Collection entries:
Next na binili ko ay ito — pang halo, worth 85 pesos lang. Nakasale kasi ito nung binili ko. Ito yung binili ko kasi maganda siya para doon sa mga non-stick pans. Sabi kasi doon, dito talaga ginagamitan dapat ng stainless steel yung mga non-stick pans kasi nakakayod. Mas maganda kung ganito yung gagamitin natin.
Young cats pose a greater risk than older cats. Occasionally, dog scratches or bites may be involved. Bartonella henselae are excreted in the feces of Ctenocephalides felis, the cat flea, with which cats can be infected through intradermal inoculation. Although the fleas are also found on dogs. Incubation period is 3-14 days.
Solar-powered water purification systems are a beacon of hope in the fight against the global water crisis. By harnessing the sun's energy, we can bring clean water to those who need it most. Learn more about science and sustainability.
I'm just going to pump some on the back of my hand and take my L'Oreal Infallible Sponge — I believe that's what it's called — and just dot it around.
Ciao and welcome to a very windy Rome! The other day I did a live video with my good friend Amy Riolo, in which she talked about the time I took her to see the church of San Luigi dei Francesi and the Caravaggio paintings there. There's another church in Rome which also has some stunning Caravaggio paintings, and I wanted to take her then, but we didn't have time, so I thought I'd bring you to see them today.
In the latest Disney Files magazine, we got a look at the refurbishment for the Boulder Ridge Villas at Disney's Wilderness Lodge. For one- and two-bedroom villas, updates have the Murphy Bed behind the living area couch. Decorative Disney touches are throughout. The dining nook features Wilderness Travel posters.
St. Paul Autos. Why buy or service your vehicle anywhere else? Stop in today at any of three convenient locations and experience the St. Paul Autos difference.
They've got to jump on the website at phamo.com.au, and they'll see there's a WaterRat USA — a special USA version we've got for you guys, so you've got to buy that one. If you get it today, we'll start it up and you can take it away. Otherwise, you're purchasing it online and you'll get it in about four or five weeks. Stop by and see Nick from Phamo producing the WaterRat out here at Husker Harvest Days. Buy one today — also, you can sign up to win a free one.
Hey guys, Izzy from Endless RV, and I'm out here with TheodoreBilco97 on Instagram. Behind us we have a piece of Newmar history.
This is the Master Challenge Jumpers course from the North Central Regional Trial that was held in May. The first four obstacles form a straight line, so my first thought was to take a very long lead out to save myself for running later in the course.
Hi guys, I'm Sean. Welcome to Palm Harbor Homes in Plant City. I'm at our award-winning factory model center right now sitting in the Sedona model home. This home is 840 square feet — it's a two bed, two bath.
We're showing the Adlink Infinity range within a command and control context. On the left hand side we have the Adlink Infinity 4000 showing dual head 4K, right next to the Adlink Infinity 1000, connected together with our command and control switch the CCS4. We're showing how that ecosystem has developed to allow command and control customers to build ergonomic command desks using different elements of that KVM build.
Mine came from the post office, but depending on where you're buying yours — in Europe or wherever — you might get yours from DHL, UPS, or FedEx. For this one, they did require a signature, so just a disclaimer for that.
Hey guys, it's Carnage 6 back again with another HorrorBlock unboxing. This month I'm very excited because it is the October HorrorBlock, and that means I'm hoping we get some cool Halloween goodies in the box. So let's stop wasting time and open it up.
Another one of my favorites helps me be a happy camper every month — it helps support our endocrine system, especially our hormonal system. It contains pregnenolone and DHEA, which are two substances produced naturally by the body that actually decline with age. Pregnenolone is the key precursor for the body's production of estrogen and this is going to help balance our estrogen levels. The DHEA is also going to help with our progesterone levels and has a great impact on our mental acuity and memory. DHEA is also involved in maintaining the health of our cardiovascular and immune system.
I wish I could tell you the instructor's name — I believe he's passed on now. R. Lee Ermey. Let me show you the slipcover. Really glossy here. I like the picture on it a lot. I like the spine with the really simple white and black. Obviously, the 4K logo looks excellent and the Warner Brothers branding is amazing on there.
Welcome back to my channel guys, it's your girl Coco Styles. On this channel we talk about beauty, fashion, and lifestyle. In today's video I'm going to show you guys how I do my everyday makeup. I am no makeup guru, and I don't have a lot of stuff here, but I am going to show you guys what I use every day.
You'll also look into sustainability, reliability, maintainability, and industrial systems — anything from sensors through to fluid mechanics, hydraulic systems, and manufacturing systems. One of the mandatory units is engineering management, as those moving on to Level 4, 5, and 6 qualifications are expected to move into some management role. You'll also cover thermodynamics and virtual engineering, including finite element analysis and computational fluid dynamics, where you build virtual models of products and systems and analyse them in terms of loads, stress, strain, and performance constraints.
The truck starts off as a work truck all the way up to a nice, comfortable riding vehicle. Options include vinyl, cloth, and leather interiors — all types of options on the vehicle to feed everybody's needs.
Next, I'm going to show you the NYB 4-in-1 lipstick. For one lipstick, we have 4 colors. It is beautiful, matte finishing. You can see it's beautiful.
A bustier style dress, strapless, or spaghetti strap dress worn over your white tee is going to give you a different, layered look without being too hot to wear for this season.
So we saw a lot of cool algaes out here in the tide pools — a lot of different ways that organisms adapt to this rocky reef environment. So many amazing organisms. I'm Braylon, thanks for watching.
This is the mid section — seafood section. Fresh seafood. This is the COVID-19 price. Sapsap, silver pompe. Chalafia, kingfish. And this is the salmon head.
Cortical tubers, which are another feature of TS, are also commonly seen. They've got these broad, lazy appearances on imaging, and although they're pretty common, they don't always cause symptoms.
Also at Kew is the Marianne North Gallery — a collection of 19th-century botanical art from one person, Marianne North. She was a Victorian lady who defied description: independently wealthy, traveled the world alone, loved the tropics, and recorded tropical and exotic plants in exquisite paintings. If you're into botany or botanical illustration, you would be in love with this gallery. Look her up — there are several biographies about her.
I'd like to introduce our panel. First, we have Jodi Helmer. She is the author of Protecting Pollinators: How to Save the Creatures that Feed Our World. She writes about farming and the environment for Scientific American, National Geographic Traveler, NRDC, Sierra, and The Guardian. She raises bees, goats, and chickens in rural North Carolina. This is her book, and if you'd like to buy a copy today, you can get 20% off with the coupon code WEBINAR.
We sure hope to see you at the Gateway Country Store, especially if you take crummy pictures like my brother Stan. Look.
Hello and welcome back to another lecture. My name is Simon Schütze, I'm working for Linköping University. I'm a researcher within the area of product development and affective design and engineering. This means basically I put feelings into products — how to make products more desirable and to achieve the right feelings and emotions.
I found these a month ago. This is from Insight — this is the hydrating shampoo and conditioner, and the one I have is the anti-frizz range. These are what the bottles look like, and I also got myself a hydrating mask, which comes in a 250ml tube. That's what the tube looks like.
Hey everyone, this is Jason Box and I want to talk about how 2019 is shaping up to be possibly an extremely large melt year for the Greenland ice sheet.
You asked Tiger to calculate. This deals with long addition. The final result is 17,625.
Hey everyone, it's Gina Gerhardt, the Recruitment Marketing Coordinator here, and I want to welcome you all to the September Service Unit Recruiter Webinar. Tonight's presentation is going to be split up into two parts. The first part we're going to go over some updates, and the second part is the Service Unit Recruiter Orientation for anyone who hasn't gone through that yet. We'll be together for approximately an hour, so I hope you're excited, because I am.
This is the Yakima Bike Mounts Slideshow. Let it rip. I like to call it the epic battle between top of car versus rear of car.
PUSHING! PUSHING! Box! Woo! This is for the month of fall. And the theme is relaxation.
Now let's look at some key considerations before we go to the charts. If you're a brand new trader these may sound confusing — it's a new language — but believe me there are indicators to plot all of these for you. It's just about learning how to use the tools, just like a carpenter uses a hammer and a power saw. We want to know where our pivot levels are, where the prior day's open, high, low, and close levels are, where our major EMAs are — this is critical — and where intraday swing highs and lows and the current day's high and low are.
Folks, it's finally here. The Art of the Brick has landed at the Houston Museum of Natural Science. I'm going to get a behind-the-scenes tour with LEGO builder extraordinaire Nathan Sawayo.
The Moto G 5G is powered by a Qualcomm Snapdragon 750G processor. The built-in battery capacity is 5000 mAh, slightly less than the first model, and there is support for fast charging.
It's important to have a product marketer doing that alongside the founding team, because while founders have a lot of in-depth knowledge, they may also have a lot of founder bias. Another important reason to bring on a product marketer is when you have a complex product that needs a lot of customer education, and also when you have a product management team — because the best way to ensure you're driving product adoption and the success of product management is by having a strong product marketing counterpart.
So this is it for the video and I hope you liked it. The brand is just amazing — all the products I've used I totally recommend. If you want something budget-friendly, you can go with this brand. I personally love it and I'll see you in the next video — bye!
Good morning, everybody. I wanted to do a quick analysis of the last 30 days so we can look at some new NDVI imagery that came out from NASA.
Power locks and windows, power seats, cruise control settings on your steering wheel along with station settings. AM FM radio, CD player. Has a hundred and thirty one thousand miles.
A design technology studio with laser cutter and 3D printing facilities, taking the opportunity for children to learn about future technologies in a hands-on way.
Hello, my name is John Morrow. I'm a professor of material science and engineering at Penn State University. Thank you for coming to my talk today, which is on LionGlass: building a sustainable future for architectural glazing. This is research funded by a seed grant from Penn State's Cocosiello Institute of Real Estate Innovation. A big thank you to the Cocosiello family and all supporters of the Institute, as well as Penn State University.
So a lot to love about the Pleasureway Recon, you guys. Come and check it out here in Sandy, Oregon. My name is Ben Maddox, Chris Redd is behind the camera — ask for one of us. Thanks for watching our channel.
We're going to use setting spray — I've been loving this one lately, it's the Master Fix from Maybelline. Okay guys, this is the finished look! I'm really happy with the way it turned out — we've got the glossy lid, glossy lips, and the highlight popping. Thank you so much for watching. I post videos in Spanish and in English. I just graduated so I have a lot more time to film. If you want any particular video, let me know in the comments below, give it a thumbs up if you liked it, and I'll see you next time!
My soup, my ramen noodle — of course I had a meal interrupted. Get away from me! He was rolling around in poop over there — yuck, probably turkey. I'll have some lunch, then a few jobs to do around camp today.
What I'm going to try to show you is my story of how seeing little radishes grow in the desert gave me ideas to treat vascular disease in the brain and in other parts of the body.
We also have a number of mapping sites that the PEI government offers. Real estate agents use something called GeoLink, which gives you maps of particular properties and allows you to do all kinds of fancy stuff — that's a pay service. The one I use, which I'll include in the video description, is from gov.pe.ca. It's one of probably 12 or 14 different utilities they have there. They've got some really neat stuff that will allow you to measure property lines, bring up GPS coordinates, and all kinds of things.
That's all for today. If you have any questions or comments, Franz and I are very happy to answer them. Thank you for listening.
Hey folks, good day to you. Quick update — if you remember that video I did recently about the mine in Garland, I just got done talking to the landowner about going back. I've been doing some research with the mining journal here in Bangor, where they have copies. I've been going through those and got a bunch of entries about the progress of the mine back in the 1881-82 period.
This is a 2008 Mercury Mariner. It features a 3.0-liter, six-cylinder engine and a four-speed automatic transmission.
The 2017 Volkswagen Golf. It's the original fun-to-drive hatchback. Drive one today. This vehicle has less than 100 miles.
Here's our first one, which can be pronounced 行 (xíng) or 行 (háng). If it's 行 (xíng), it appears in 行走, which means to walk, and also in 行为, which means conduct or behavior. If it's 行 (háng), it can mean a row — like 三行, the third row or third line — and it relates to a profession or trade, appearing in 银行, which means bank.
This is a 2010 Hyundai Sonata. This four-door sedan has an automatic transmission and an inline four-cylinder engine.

Work to be completed: Please give an exact copy of the entries above, from the line with "This is the Master" down to the line with "Mine came from", inclusive, and nothing else.

Response to this exercise:
This is the Master Challenge Jumpers course from the North Central Regional Trial that was held in May. The first four obstacles form a straight line, so my first thought was to take a very long lead out to save myself for running later in the course.
Hi guys, I'm Sean. Welcome to Palm Harbor Homes in Plant City. I'm at our award-winning factory model center right now sitting in the Sedona model home. This home is 840 square feet — it's a two bed, two bath.
We're showing the Adlink Infinity range within a command and control context. On the left hand side we have the Adlink Infinity 4000 showing dual head 4K, right next to the Adlink Infinity 1000, connected together with our command and control switch the CCS4. We're showing how that ecosystem has developed to allow command and control customers to build ergonomic command desks using different elements of that KVM build.
Mine came from the post office, but depending on where you're buying yours — in Europe or wherever — you might get yours from DHL, UPS, or FedEx. For this one, they did require a signature, so just a disclaimer for that.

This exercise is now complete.